Claudia Levy à La Paila mardi soir [à l'affiche]


L'auteur-compositrice interprète et pianiste Claudia Levy continue la présentation de son troisième disque, Soltar amarras (larguer les amarres), à travers la ville de Buenos Aires. Elle participera à la série des concerts du mardi, au restaurant La Paila, de Costa Rica 4848 (quartier de Palermo).

Ce sera le mardi 31 mai 2011, à 21h30. Cela vous laisse le temps d'assister au dévoilement de la plaque en hommage à Rubén Juárez au Café Homero mais pas à la soirée qui suivra (voir mon article d'hier). Il faudra choisir.

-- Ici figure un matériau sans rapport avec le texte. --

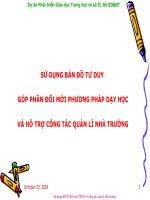 Sử dụng bản đồ tư duy trong quản lý GD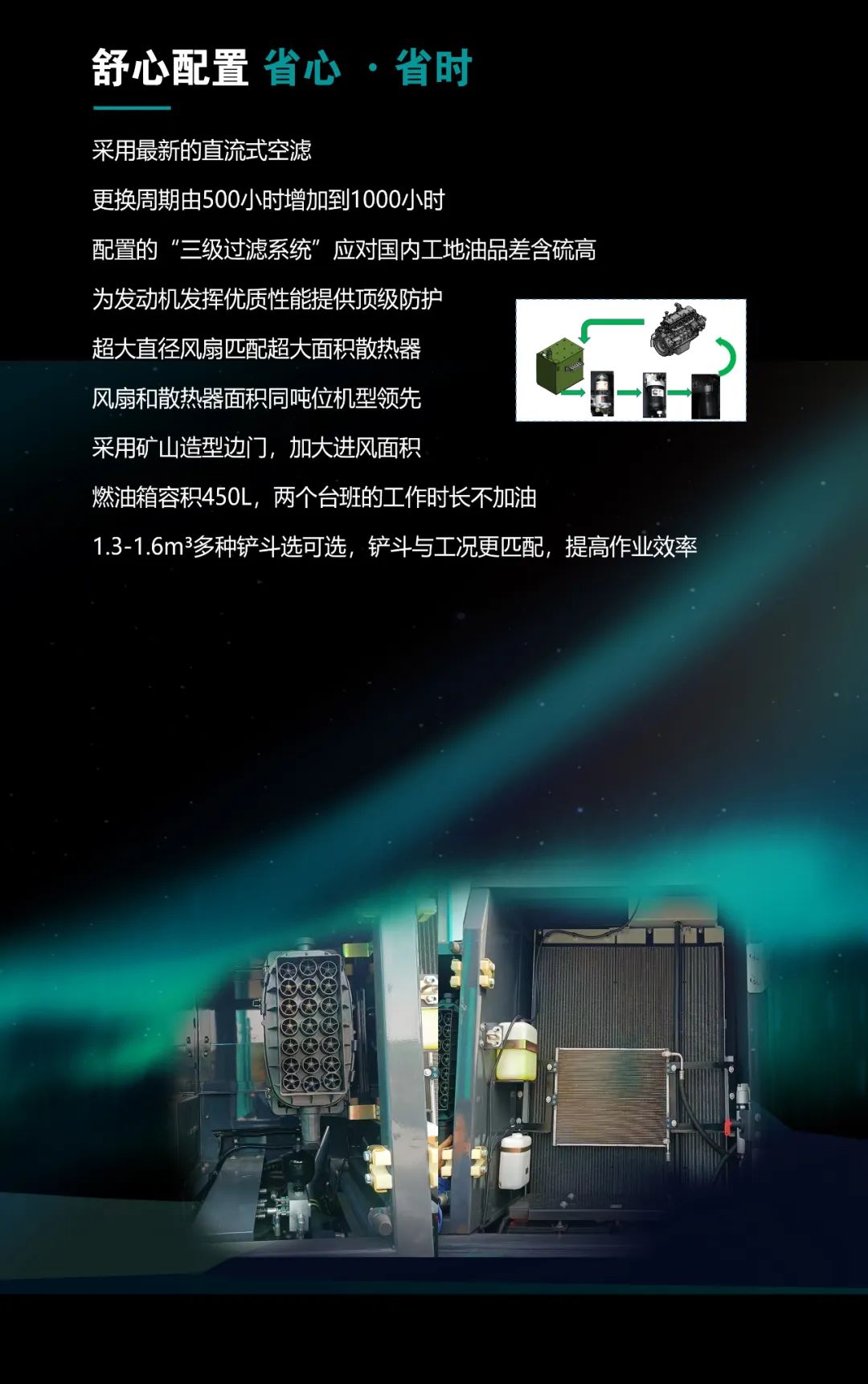 一圖讀懂 | 高配、高效！山河智能新一代26噸級挖掘機助您“掘”勝千里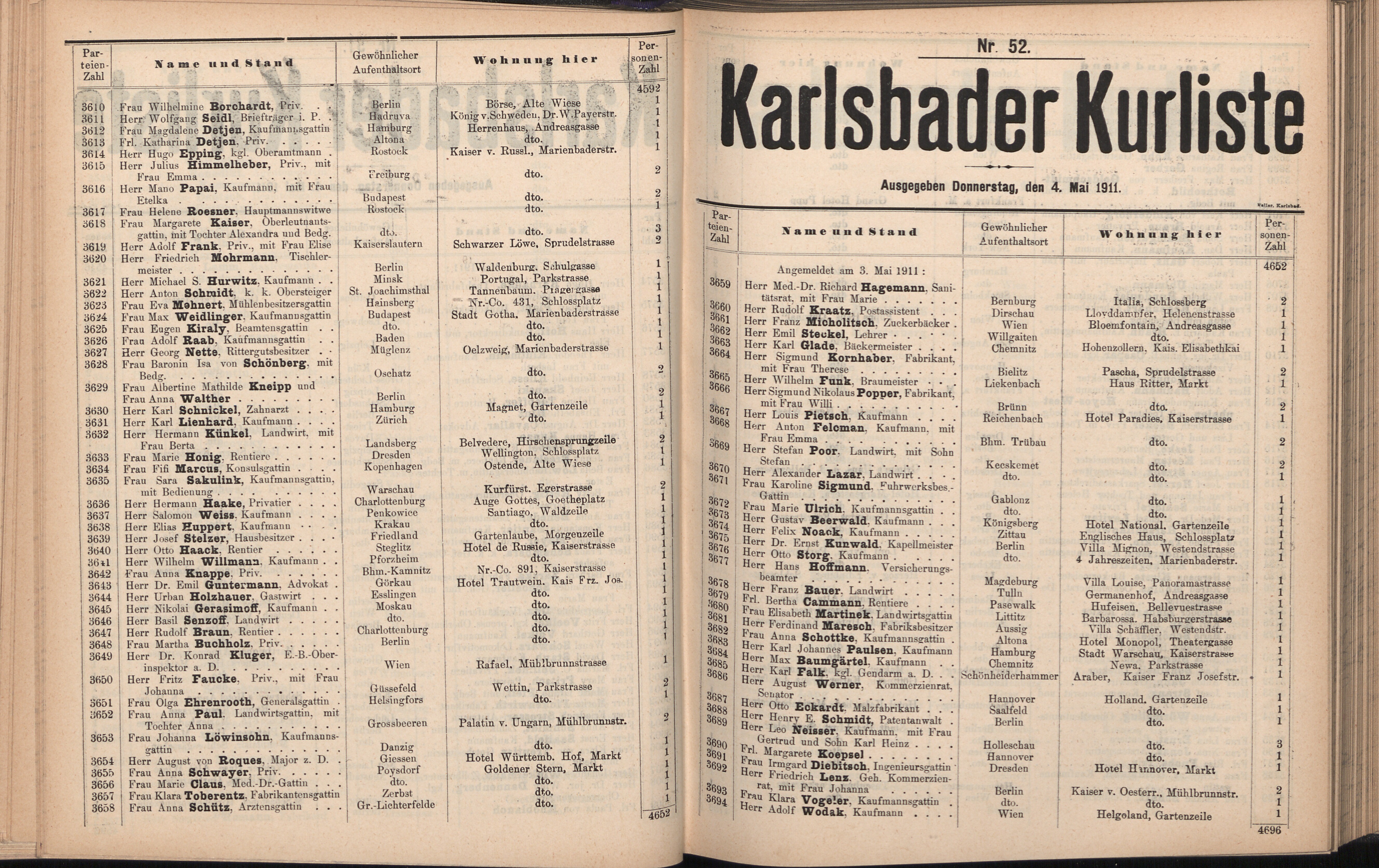 156. soap-kv_knihovna_karlsbader-kurliste-1911-1_1570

Claudia Levy sera accompagnée à la guitare par Pablo Zapata et à la basse par Gaspar Porto.

Entrée (droit au spectacle) : 25 $

Pour découvrir cette chanteuse qui fait vivre à merveille la veine burlesque du tango, connectez-vous à son site Internet. Et pour découvrir le restaurant et sa carte de spécialités du nord du pays, allez voir son site à lui aussi.

Cucuza et Moscato au Malevaje ce samedi [à l'affiche]

Photo diffusée par les artistes

Le duo Cucuza-Moscato, chanteur et guitariste, se retrouvera samedi 28 mai 2011 à 22h pour un concert au Malevaje, un café de La Boca désormais bien connu des fidèles lecteurs de Barrio de Tango (j'en parle assez souvent).

Ils présenteront leur disque, enregistré en public en 2009 au Café El Faro, de Villa Pueyrredón et qu'ils ont lancé en août 2009

Répertoire de bons tangos anciens et quelques créations de morceaux contemporains sont au programme.

Entrée (droit au spectacle) : 25 $.

Si vous êtes actuellement à Buenos Aires, ils vous attendent tous les deux avenue Garibaldi 1670. Arrivez un peu à l'avance pour pouvoir commander et dîner avant la première note et saluez-les de ma part.

jeudi 26 mai 2011

Hommage officiel à Rubén Juárez pour l'anniversaire de son décès [à l'affiche]


Il y a un an, juste après les fêtes du Bicentenaire, le 31 mai 2011, la mort du chanteur, bandonéoniste et compositeur Rubén Juárez nous avait tous beaucoup affectés.

Mardi prochain, 31 mai 2011, sa fille, la chanteuse Lucila Juárez organise un hommage en musique, au Café Homero, Cabrera 4946, à partir de 18h30.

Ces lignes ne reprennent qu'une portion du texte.